3 ferraris (including sachin's with him driving), 3 porches and 2 hummers seen quite a few times here in mumbai ... mercs are like taxis here


----------



## wizrulz (Sep 10, 2007)

^^^ to add that seen 3 limo....too


----------



## faraaz (Sep 10, 2007)

Dunno about bangalore but here's a list of the cars I've seen being driven around here in St. Gallen, Switzerland...read 'em n weep! 

Porsche Carrera S
Porsche Cayenne
Porsche Cayman
Porsche Boxster
Hummer H2
Mercedes SL65 AMG
Mercedes S600
Mercedes McLaren SLR
Ford Mustang
Ferrari 360 Modena
Lamborghini Countach (the old one)
Audi A4
Audi TT
Toyota Supra
Subaru Impreza
Nissan 350Z
Peugeot something..the brand new sedan...forgot the name...
Range Rover 2006 model
Ducati 999 (i think...dunno the exact model)
Some 4-5 Triumph bikes and also 1 Kawasaki Ninja which looked really khatara and old...

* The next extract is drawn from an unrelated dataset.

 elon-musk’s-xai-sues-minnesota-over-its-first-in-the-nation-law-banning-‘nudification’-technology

I've got to start carrying my camera around...


----------



## RCuber (Sep 10, 2007)

^^^ Dont forget to post pics


----------



## Nav11aug (Sep 10, 2007)

Charan said:
			
		

> ^^^ Dont forget to post pics



Very High Res plzz


----------



## iMav (Sep 10, 2007)

the cayennes become too common here .... ul see 1 every few weeks


----------



## shantanu (Sep 10, 2007)

ohh ! i love countach... 

anyone seen the ""THE SPEED ZONE 1 ,2 & 3.. """ marvelous movies..


----------



## PraKs (Sep 17, 2007)

In Bangalore

Yeah , Guess Upendra owns one,


----------



## xbonez (Sep 17, 2007)

do they make orange lamorghinis?? i thought they only cme in yellow and black.

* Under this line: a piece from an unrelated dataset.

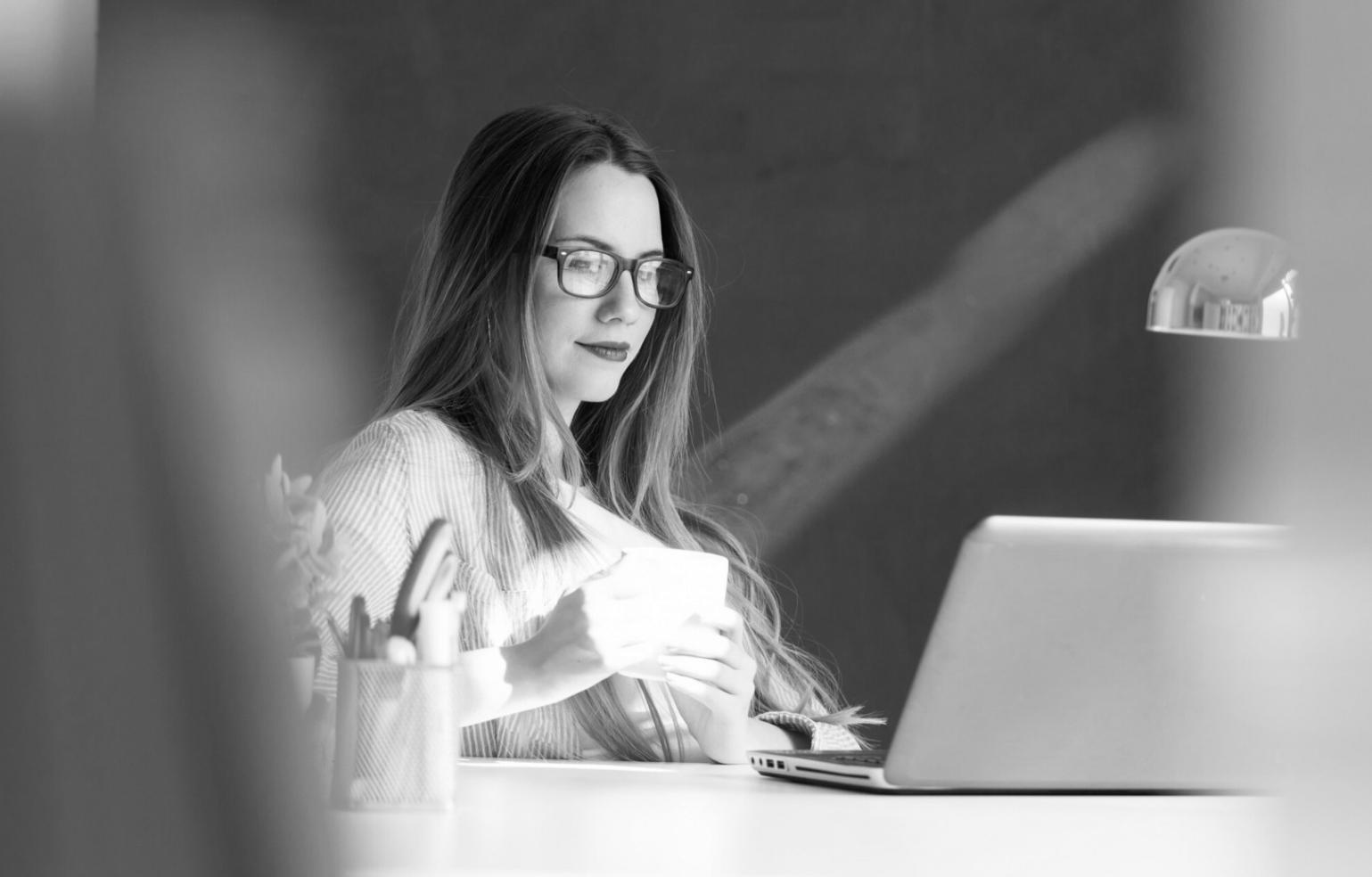 Équipe cendariqos analysant des données financières en collaboration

and yeah, cayennes are so common, i no longer get fascinated by thm. even BMWs are fairly common though i've never seen a ferrari on the roads. seen quite a few of them at auto expos though


----------



## shady_inc (Sep 17, 2007)

Seen 3 limos,countless BMWs and Merces,4-5 Audis and a gallardo in Mumbai till now...


----------



## nix (Sep 17, 2007)

dude, a lambo is so low that i dont think it can even go in MG road. maybe it was the offroad version


----------